Second, his comment came at the worst possible time, on the day that Israel was burying Dafna Meir, Hy”d, the mother of six, including two adopted children, who was stabbed to death in her home in Otniel in front of one of her children. It was also the day in which a young, expectant mother in Tekoa was stabbed.
Instead of blasting the PA incitement against Israel, which everyone knows is fueling the violence that has claimed 29 lives, he found fault with Israel, accusing it of a double standard. (Morad Badar Abdallah Adias, the 16-year-old who killed Mrs. Meir, told interrogators that he had been “heavily influenced” by anti-Semitic incitement in the Arab media. A Shin Bet agent said Adias viewed anti-Israel propaganda for several hours before leaving home to murder Mrs. Meir.)

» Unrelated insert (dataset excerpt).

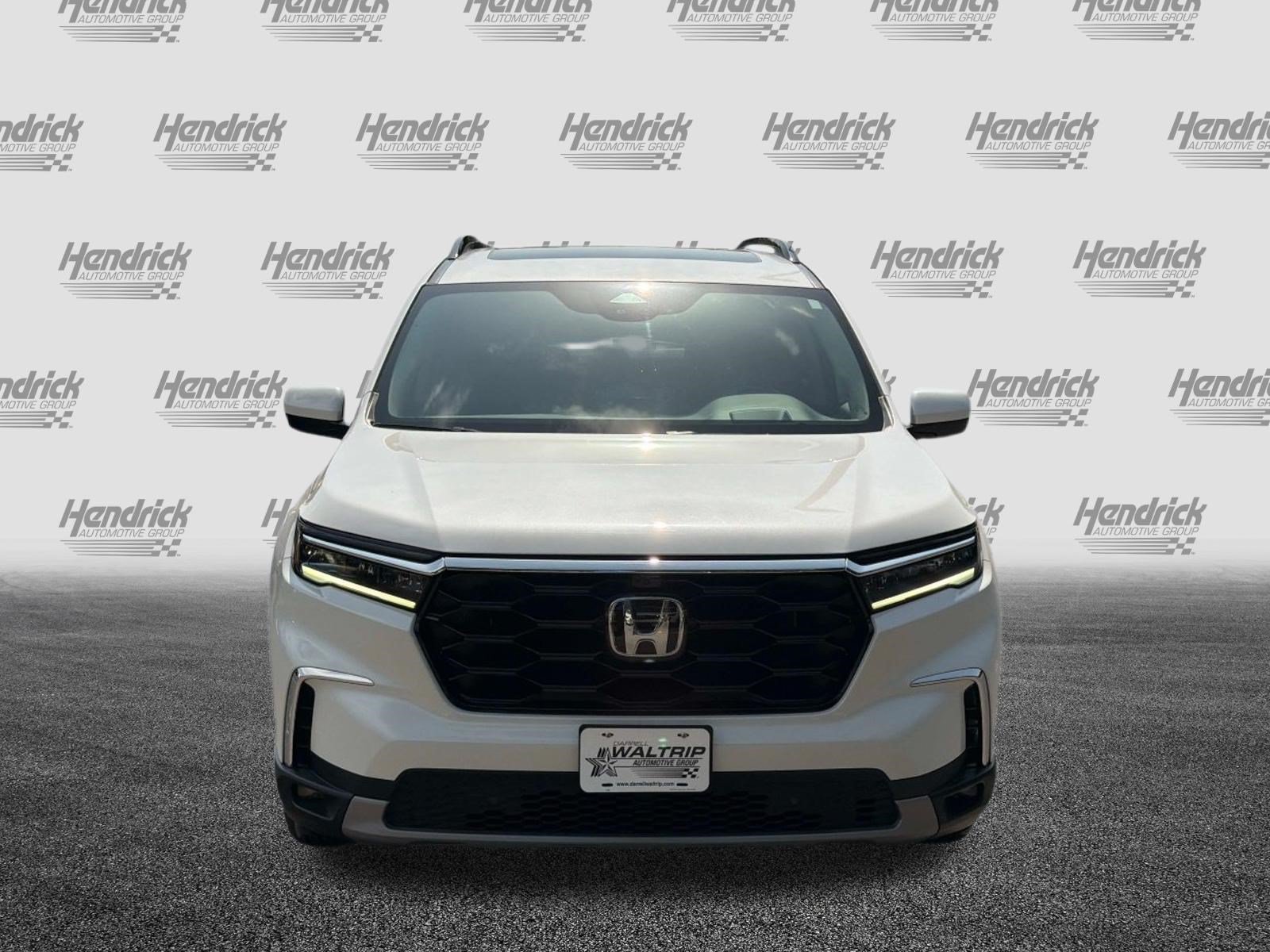 Used 2025 Honda Pilot Elite image 3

You cannot blame Israelis for being “sensitive” about such criticism at a time when the murder of Mrs. Meir — whose life was an inspirational human interest story of the highest order — merits little if any mention in leading media outlets around the world, including The Wall Street Journal, CNN and the Times of London. (Reuters gave it a brief mention in its “latest incident” roundup of the day’s events from Israel.)
You cannot blame Israelis for being “sensitive” when it is subjected to preposterous accusations from the foreign minister of Sweden that it commits “extrajudicial” killings when its security forces and citizens gun down murderers in the act.
Finally, there is the context. That President Barack Obama and Prime Minister Netanyahu do not get along is no secret. The president has practically from his first day in office tried to show that he was shifting gears on U.S. policy in the Middle East, starting with his infamous Cairo speech and concluding with his even more infamous, and dangerous, Iran nuclear agreement.
The unprecedentedly harsh accusation mouthed by Shapiro was seen by many as yet another sign of Washington distancing itself from Israel, tearing at the fabric of a truly “special relationship” that has been important to Israel’s survival.
Shimon Shiffer, the well-known commentator from Yediot Aharonot, expressed the concern as follows: “Shapiro’s criticism is the possibility that the White House is actually joining the European Union and is liable to take similar steps that differentiate between Israeli territories inside the Green Line and those that were conquered in 1967. It’s no exaggeration to assume that Israel will no longer be able to rely on the U.S.’s veto at the U.N. or to enjoy the automatic support that we have been used to.”
Nonetheless, while the fierce response to Shapiro’s comments was understandable, it was not wise. In his four and a half years in Israel, the ambassador has shown himself to be very close to Israel and its people. He has displayed enormous friendship and sympathy: visiting families of terror victims, traveling to Sderot at times of war to visit children in bomb shelters, and more. These were not mere photo opportunities, but genuine expressions of concern, of connection.
Though as an ambassador his job is to be a mouthpiece for the White House and the State Department, he is known to have pushed back on more than one occasion when he felt Israel was not getting a fair shake.
A day after the diplomatic blow-up, Netanyahu met one-on-one with Shapiro for half an hour and sorted things out. In the circumstances, considering the record of this ambassador and the importance of Israel’s relationship with the United States, it would have been prudent for the prime minister to publicly downplay the controversial remarks and handle the matter privately.